Re: Debian Investigation Report after Server Compromises
On Tue, 02 Dec 2003 13:12:40 -0600, Alex Malinovich wrote:
> On Tue, 2003-12-02 at 11:31, Greg Folkert wrote:
>> Shoulda Been:
>> What a wanker I am. No, Peter no comment needed.
>> On Tue, 2003-12-02 at 11:08, Greg Folkert wrote:
> Thanks for the link. It certainly makes for interesting reading. Though
> I am somewhat concerned about the following bit from the message:
> "Please understand that we cannot give away the used exploit to random
> people who we don't know. So please don't ask us about it."
> I'm afraid I'm part of the group that just doesn't understand. This
> snippet reeks of security through obscurity for me. If the hole has been
> identified and, presumably, fixed, why not tell people about it?
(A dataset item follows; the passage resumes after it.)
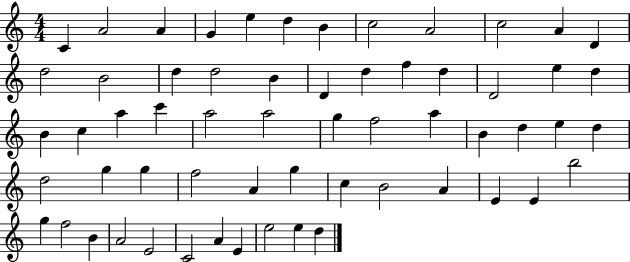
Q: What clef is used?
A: treble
Ther is always a conflict between security and openness. MS's approach
has always been not to say anything until a fix has been propagated; they
are often criticized for that, but I'm sure they'd be deluged in lawsuits
from compromised system owners if they advertised the exploit to bad guys
before they had a fix.
In this case, the exploit is still an issue for those who have not yet
applied a fix. So to publish the exploit code itself is to expose many
debian systems to needless risk.
Well, that's the way I see it, anyway.
"Reports that say that something hasn't happened are always interesting
to me, because as we know, there are known knowns; there are things we
know we know. We also know there are known unknowns; that is to say we
know there are some things we do not know. But there are also unknown
unknowns - the ones we don't know we don't know."
- Donald Rumsfeld, US Secretary of Defense, Winner of British Plain
English Campaign's 2003 "Foot in Mouth" award.